__WHAT TO PRODUCE__
Could you please retype the records exactly, minus their pictures?

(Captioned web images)
= = =
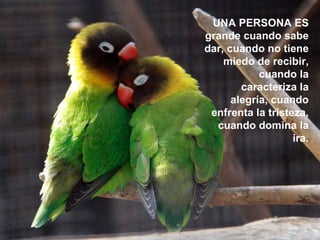 UNA PERSONA ES grande cuando sabe dar, cuando no tiene miedo de recibir, cuando la caracteriza la alegría, cuando enfrenta la tristeza, cuando domina la ira. 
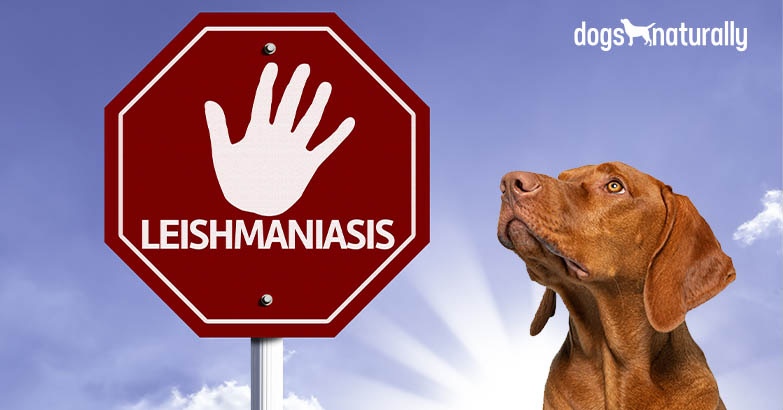 Leishmaniasis: A Growing Risk For Dogs - Dogs Naturally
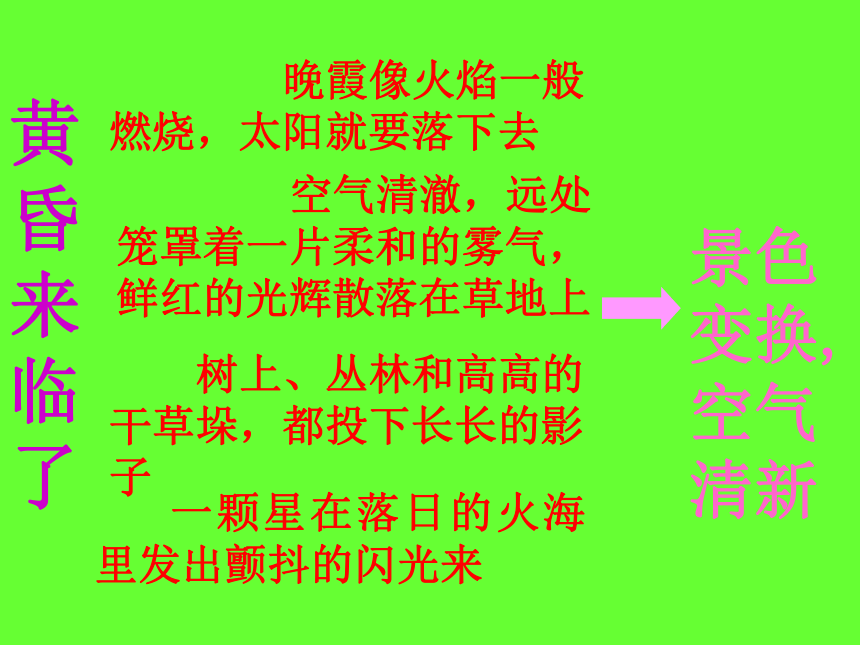 语文北师大版必修四1.2《树林和草原》课件（37张）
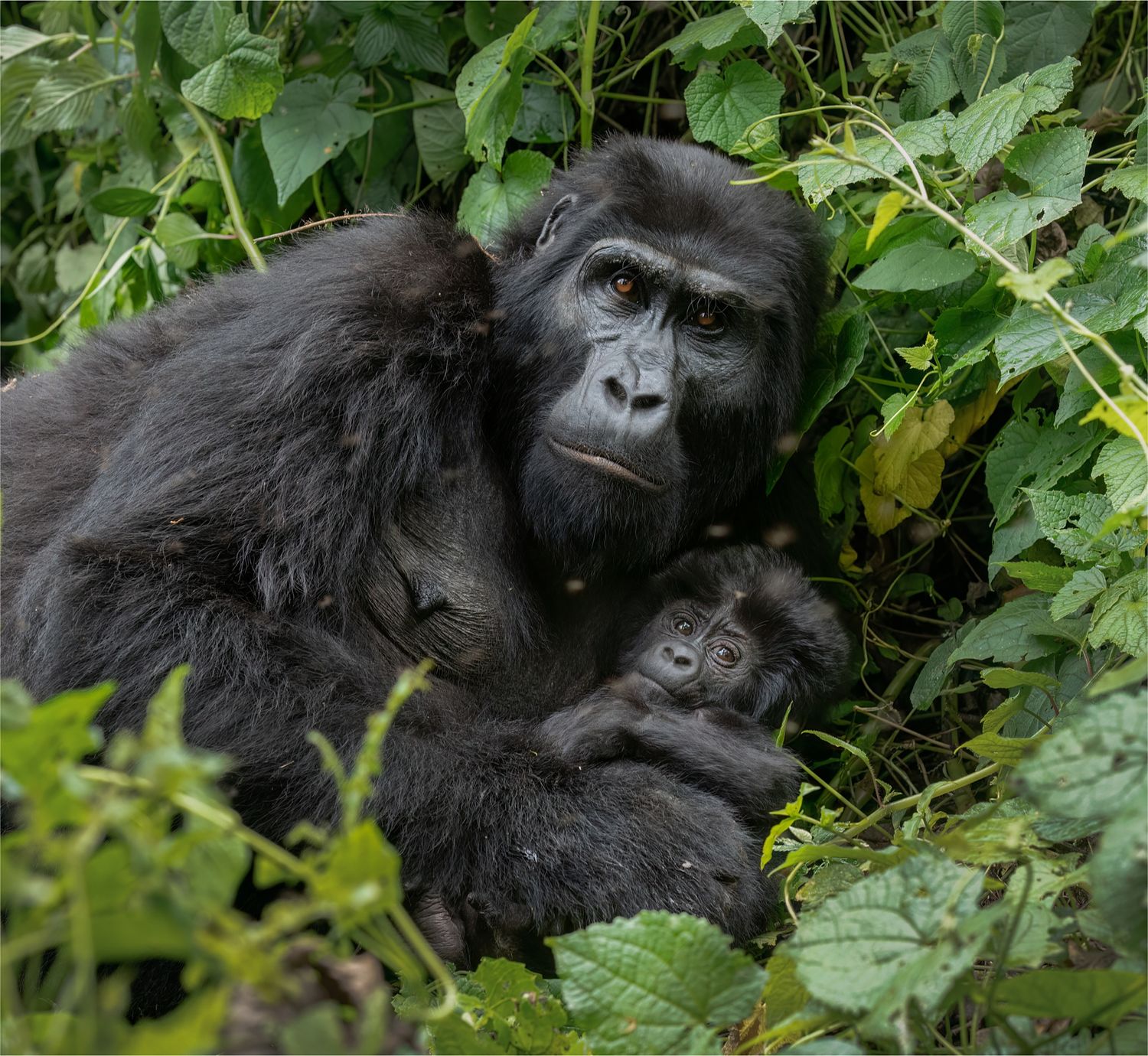 Mountain Gorilla, Uganda, Gorilla beringei beringei, eastern gorilla, endangered species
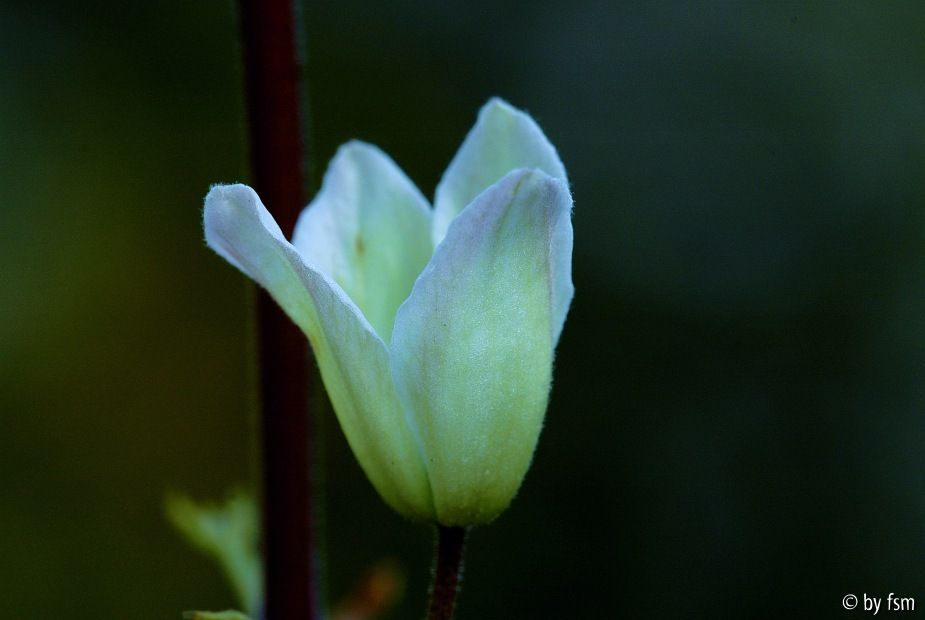 Clematis 1 05-04-2009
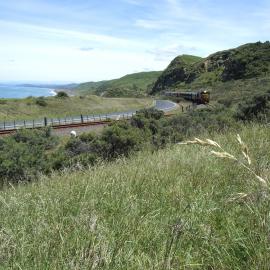 Vintage diesel train at Black's Beach, northern Hawke's Bay, 2009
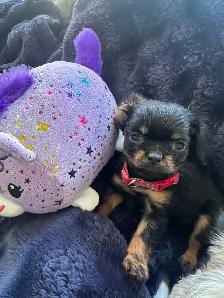 Michy’s  Angels Frenchie Cavaliers Merles &  Prebred Cavaliers - Photo 4
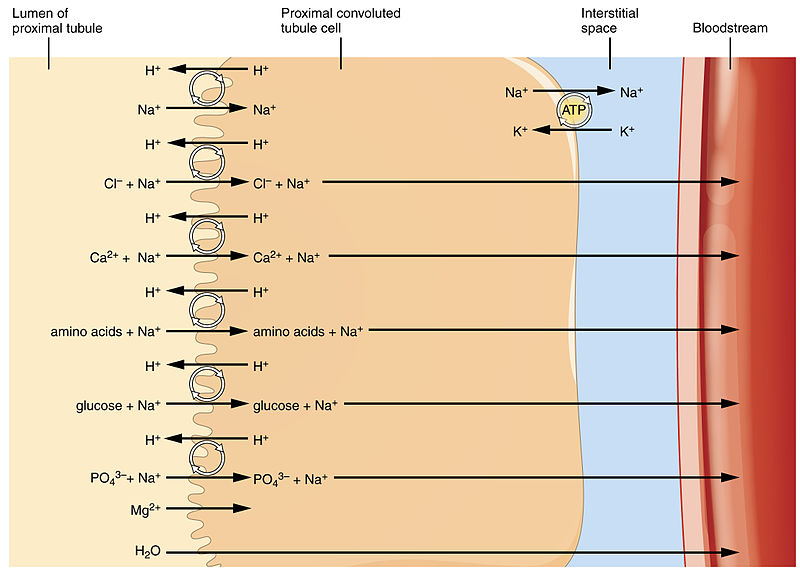 Key Difference - Tubular Reabsorption vs Tubular Secretion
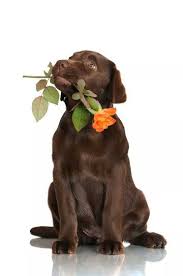 Chocolate Labrador Labrador Chocolat Chiots Labrador Noirs Chiots Labrador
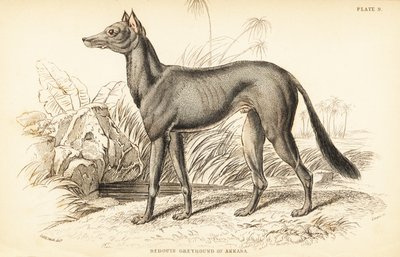 Chart arabski , Canis lupus familiaris autorstwa William Home Lizars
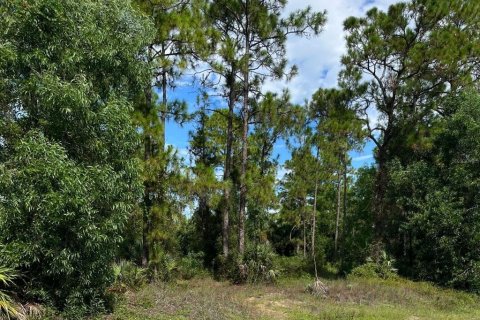 Land in Lehigh Acres, Florida № 2373871 - photo 7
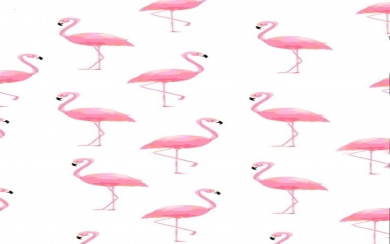 Cute Flamingos Collage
= = =
__FINAL ANSWER__
 UNA PERSONA ES grande cuando sabe dar, cuando no tiene miedo de recibir, cuando la caracteriza la alegría, cuando enfrenta la tristeza, cuando domina la ira. 
 Leishmaniasis: A Growing Risk For Dogs - Dogs Naturally
 语文北师大版必修四1.2《树林和草原》课件（37张）
 Mountain Gorilla, Uganda, Gorilla beringei beringei, eastern gorilla, endangered species
 Clematis 1 05-04-2009
 Vintage diesel train at Black's Beach, northern Hawke's Bay, 2009
 Michy’s  Angels Frenchie Cavaliers Merles &  Prebred Cavaliers - Photo 4
 Key Difference - Tubular Reabsorption vs Tubular Secretion
 Chocolate Labrador Labrador Chocolat Chiots Labrador Noirs Chiots Labrador
 Chart arabski , Canis lupus familiaris autorstwa William Home Lizars
 Land in Lehigh Acres, Florida № 2373871 - photo 7
 Cute Flamingos Collage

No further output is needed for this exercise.